Seperti Diburu Hantu Komunisme…

SAFEnet Voice mencatat sejak 2015, 73 persen pelanggaran kebebasan berekspresi dan berkumpul di Indonesia dilakukan dengan tuduhan penyebaran komunisme.

Nurcholis Art
nurcholisart
3 min readMay 5, 2017

--

Pada 1 Mei 2017, Pameran Seni Rupa dengan tema Melihat Lebih Dalam Wiji Thukul karya Andreas Iswinarto di Semarang, mendapatkan protes dari beberapa organisasi masyarakat. Acara itu dituduh sebagai arena penyebaran komunisme. Tapi tuduhan itu dibantah, menurut panitia acara, tuduhan tersebut tentu saja bohong.
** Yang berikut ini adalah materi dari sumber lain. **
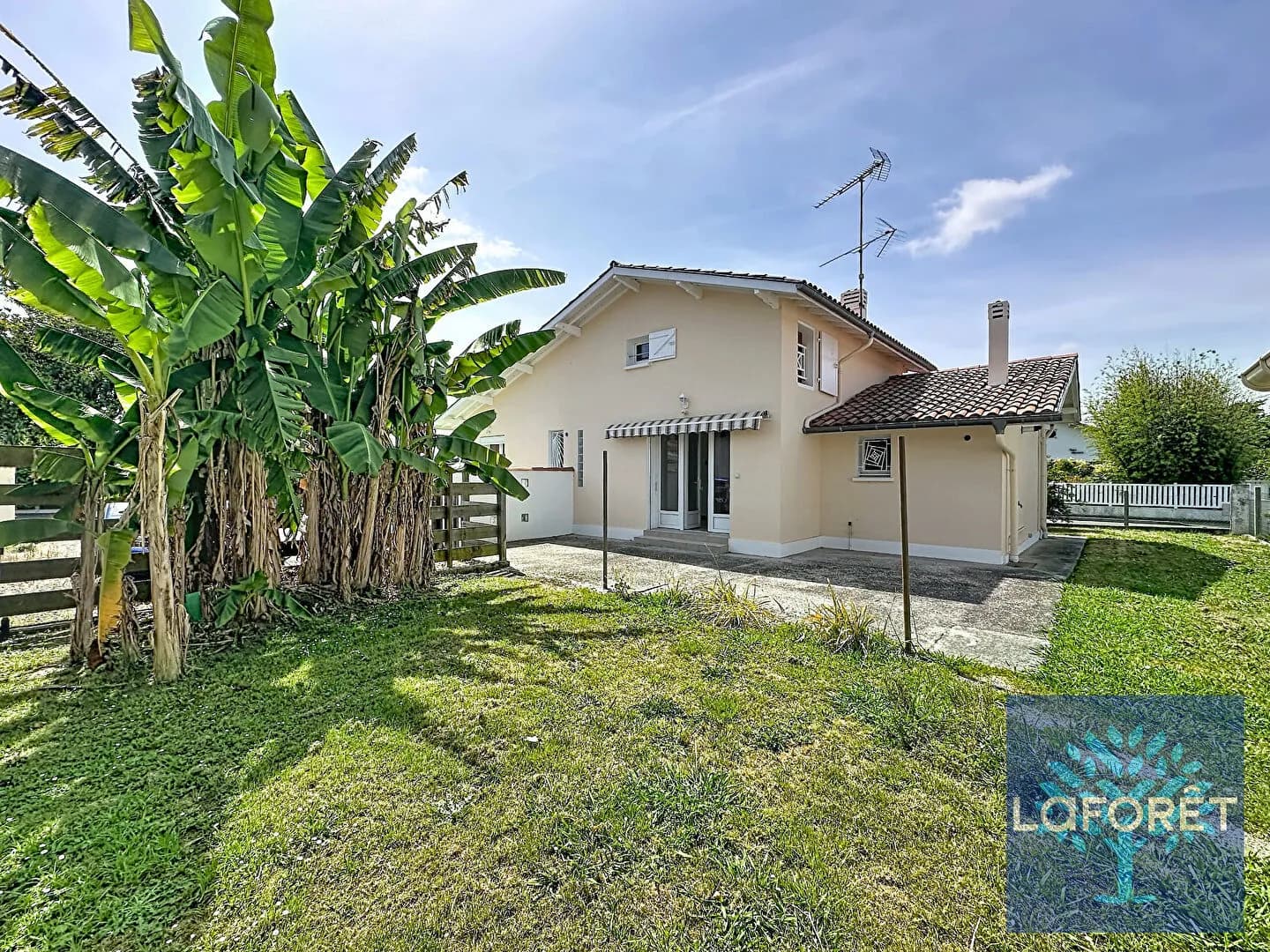 Dans un ensemble immobilier en copropriété - Photo 1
Tapi, akibat dari tuduhan tersebut, acara yang rencananya mulai diadakan pada 1 Mei 2017, di gedung Sarikat Islam Semarang, terpaksa ditunda. Hal itu terjadi lantaran pengelola Wakaf Gedung Sarikat Islam merasa keberatan atas penyelenggaraan acara.

Apa yang terjadi pada Pameran Seni Rupa tersebut bukan lah satu-satunya. Sebelumnya, banyak acara-acara seperti diskusi, nonton film, bahkan penerbitan produk jurnalistik dianggap sebagai “PKI gaya baru.”
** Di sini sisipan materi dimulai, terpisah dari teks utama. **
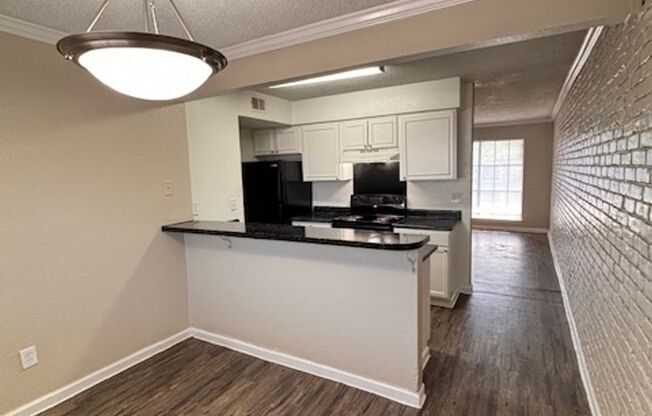 2 beds, 1 bath, 853 sqft, $1,425, Unit 612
Padahal, pembatasan atau pelarangan terhadap jalannya acara tersebut bisa menjadi bagian dari pelanggaran terhadap kebebasan bereskpresi dan berpendapat. SAFEnet voice mencatat, selama dua tahun terakhir, ada 59 kasus pelanggaran kebebasan berekspresi dan berkumpul.

Dari 59 kasus pelanggaran, 43 kasus atau sekitar 73 persennya adalah pelanggaran dengan tuduhan penyebaran ajaran komunisme. Sedangkan pelanggaran-pelanggaran lainnya dilakukan dengan tuduhan LGBT sebesar 7 persen atau sebanyak 4 kasus. Dan isu “penentuan nasib sendiri” bangsa Papua sebesar 5 persen atau 3 kasus. Artinya, penyebaran ajaran komunisme merupakan tuduhan terbanyak untuk melakukan pelanggaran.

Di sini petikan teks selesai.